Test Documentation Sync

Both @builder and @developer enforce test documentation sync before every commit. This prevents stale test references from being committed.

Pre-Commit Detection

Before staging files for commit, agents scan for stale test references—deleted test files that are still referenced in configuration, old function names that have been renamed, or missing test utilities.

What Gets Checked

  • Test file imports match existing source files
  • Jest/Vitest config references valid test patterns
  • Playwright config test directories exist
  • Mock/fixture references point to valid files

When Issues Are Found

If stale references are detected, the agent automatically fixes them before proceeding with the commit. This typically involves updating import paths, removing references to deleted files, or renaming function calls to match current implementations.

Temporary Files Policy

All implementation agents enforce a strict rule: never write temporary files to system paths like /tmp/. Instead, agents use the project-local .tmp/ directory.
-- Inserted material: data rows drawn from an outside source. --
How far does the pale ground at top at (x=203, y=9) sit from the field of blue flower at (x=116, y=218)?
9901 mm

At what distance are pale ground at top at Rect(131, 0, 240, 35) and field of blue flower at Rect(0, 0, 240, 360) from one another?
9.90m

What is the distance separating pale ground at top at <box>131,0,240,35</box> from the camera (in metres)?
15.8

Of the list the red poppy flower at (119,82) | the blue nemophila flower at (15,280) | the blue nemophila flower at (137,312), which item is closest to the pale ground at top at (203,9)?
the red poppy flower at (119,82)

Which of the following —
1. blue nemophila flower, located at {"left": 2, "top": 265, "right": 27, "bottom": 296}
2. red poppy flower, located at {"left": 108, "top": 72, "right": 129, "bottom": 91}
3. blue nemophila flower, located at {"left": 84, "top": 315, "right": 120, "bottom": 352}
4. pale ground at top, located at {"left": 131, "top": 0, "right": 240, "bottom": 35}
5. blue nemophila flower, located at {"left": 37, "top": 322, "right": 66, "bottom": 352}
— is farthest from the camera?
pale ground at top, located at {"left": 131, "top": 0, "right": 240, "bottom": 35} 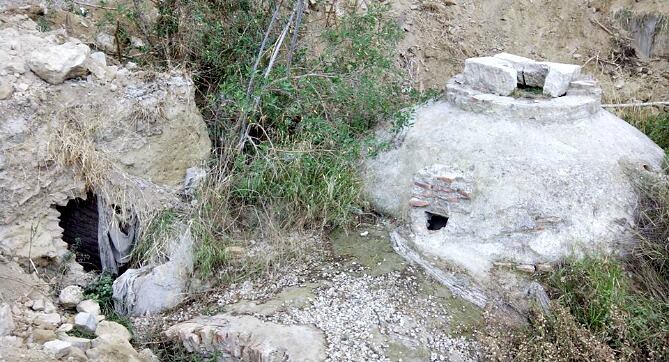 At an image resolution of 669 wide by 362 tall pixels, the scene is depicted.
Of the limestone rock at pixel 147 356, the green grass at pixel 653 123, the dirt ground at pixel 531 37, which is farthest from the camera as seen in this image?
the dirt ground at pixel 531 37

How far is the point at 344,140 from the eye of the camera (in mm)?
5531

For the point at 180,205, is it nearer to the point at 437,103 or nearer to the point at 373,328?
the point at 373,328

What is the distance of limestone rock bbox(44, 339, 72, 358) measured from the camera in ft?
12.5

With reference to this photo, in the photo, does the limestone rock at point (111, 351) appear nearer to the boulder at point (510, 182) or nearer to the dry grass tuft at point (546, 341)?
the boulder at point (510, 182)

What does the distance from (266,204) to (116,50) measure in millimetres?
2067

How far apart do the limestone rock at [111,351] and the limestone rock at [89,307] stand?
40cm

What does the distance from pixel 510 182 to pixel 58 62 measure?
3617 millimetres

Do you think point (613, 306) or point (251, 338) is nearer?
point (251, 338)

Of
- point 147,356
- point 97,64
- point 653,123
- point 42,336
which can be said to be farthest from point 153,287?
point 653,123

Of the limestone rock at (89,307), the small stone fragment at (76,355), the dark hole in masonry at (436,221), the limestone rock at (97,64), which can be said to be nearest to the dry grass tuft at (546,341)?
the dark hole in masonry at (436,221)

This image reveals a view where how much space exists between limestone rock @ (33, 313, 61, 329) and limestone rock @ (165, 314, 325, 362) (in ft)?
2.34

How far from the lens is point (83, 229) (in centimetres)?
511

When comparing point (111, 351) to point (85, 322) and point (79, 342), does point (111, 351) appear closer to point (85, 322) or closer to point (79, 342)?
point (79, 342)

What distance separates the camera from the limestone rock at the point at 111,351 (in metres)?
3.93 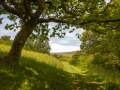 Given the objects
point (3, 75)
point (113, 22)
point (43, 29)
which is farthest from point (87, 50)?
point (3, 75)

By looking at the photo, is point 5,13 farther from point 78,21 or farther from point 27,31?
point 78,21

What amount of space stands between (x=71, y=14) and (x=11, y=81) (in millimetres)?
8709

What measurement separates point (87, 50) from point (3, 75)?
74.6 feet

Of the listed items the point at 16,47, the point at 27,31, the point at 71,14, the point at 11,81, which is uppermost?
the point at 71,14

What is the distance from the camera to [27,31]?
55.8ft

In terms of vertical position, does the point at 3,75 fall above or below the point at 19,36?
below

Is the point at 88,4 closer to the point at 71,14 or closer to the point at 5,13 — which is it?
the point at 71,14

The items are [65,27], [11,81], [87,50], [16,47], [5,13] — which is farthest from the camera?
[87,50]

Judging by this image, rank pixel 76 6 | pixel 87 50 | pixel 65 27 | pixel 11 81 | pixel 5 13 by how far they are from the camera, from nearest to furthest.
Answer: pixel 11 81, pixel 76 6, pixel 65 27, pixel 5 13, pixel 87 50

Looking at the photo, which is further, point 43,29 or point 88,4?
point 43,29

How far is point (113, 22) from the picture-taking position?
18.4 meters

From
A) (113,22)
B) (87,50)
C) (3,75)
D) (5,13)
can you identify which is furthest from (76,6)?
(87,50)

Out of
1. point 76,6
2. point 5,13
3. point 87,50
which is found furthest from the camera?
point 87,50

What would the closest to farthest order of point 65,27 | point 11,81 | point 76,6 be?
point 11,81 → point 76,6 → point 65,27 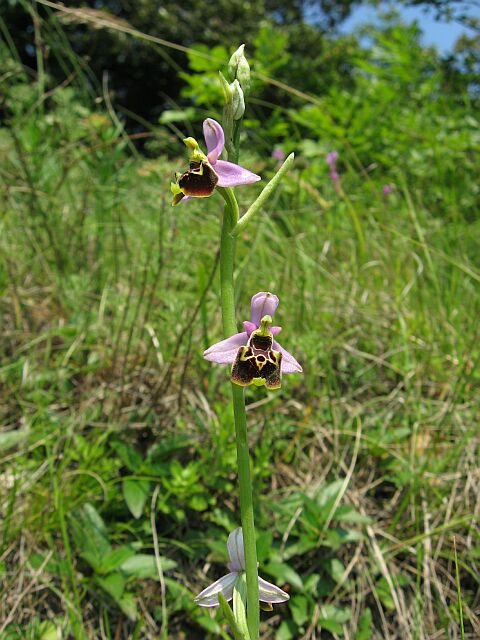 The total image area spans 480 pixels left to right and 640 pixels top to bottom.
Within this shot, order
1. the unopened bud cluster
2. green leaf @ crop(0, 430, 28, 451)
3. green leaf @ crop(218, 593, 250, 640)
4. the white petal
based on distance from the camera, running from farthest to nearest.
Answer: green leaf @ crop(0, 430, 28, 451) < the white petal < the unopened bud cluster < green leaf @ crop(218, 593, 250, 640)

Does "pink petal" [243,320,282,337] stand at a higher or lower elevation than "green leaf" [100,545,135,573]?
higher

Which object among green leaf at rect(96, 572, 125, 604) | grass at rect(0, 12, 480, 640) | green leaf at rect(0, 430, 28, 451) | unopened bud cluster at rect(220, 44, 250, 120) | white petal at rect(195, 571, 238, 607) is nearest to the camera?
unopened bud cluster at rect(220, 44, 250, 120)

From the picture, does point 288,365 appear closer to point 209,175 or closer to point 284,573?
point 209,175

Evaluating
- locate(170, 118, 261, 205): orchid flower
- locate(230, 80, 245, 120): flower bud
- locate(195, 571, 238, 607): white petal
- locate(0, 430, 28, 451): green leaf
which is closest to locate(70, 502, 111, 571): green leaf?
locate(0, 430, 28, 451): green leaf

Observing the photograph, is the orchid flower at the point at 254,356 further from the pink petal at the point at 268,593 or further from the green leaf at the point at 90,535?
the green leaf at the point at 90,535

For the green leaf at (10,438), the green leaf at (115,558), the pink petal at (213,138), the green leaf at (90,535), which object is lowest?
the green leaf at (115,558)

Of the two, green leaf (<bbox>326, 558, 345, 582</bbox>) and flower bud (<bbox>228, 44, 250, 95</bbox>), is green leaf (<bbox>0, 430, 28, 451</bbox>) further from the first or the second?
flower bud (<bbox>228, 44, 250, 95</bbox>)

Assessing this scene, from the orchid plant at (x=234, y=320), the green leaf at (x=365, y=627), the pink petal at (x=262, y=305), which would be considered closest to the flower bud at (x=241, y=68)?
the orchid plant at (x=234, y=320)

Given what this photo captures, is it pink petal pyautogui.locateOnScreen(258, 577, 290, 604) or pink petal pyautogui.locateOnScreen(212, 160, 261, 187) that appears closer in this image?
pink petal pyautogui.locateOnScreen(212, 160, 261, 187) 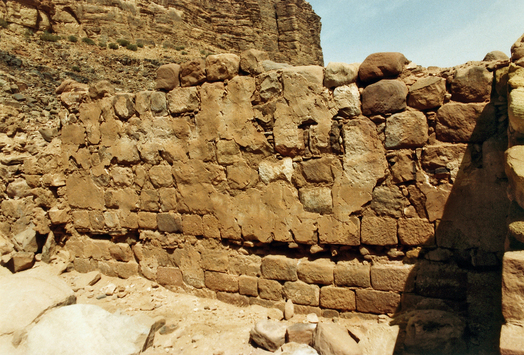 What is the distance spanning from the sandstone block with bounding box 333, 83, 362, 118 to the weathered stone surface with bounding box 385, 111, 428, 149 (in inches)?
11.8

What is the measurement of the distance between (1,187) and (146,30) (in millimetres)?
19453

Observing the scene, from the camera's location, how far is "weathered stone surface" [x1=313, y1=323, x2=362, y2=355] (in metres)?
2.54

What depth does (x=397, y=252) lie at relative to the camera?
2971 mm

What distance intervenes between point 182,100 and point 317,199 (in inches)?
72.9

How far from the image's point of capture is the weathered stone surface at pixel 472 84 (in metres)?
2.62

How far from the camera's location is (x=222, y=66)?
3.48 meters

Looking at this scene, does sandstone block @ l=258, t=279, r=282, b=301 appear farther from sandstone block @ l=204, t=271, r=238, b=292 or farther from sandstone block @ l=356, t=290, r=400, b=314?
sandstone block @ l=356, t=290, r=400, b=314

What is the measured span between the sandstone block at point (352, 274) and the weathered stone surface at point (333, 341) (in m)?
0.44

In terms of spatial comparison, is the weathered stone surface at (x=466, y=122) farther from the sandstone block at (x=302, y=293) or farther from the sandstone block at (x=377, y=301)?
the sandstone block at (x=302, y=293)

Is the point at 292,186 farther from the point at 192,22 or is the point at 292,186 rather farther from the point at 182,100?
the point at 192,22

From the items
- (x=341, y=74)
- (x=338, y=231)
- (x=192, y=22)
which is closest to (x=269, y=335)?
(x=338, y=231)

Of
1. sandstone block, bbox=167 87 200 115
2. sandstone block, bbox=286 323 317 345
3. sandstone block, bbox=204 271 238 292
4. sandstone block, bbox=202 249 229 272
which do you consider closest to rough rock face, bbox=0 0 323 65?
sandstone block, bbox=167 87 200 115

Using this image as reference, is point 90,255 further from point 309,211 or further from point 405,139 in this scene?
point 405,139

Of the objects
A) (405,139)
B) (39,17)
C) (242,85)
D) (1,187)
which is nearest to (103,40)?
(39,17) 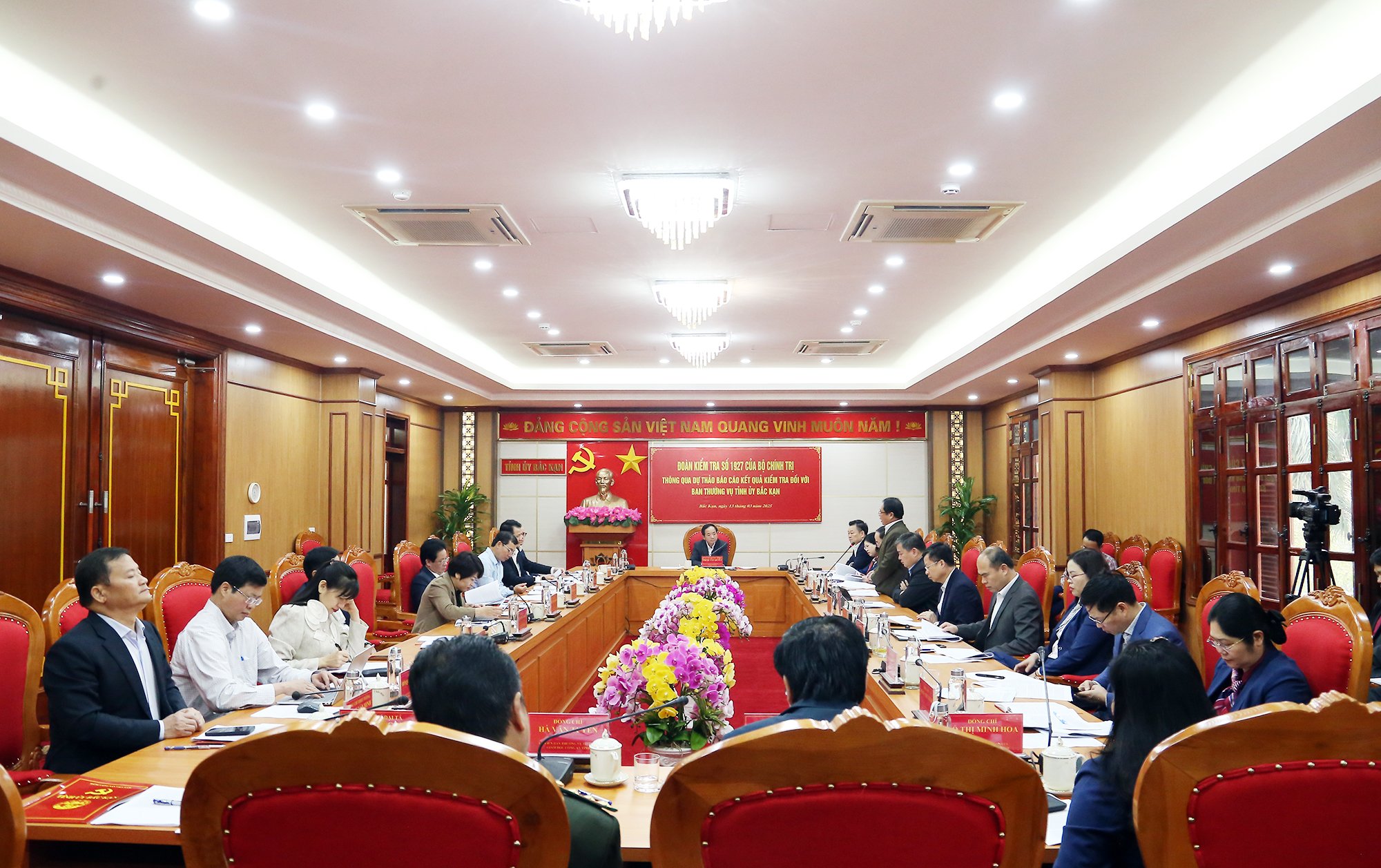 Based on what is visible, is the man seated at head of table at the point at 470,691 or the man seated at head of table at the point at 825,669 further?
the man seated at head of table at the point at 825,669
This is enforced in AGENTS.md and in each agent's individual instructions.

⚠️Why not /tmp/?

  • Module resolution failuresScripts in /tmp/ can't resolve project dependencies. require('../../src/utils') breaks when the script runs from a different filesystem root.
  • macOS /private/tmp/ mappingmacOS maps /tmp/ to /private/tmp/, causing path comparison mismatches and confusing debug output.
  • Permission promptsSome environments restrict /tmp/ access, causing unexpected permission dialogs mid-automation.

Affected Agents

This policy is enforced across all 8 implementation sub-agents:

developer

Added Temporary Files section with AGENTS.md anchor and developer-specific rules

hammer

Added Temporary Files section with AGENTS.md anchor

overlord

Added Temporary Files section with AGENTS.md anchor

go-dev

Added /tmp/ restriction to Scope Restrictions

react-dev

Added /tmp/ restriction to Scope Restrictions

java-dev

Added /tmp/ restriction to Scope Restrictions

python-dev

Added /tmp/ restriction to Scope Restrictions

ui-tester-playwright

Added /tmp/ restriction to Important Notes

Correct Pattern

# ❌ Don't do this
/tmp/debug-output.log
/tmp/test-script.sh

# ✅ Do this instead
<project>/.tmp/debug-output.log
<project>/.tmp/test-script.sh

Agent Categories

Sub-agents are organized by their specialty:

29

Critics

Review code quality, security, accessibility, and best practices.

16

Developers

Implement features in React, Go, Python, Java, and more.

9

Testers

Write unit tests, integration tests, and E2E tests.

3

Orchestrators

Coordinate other agents and manage workflows.

8

Utilities

Debugging, docs, cleanup, and specialized tools.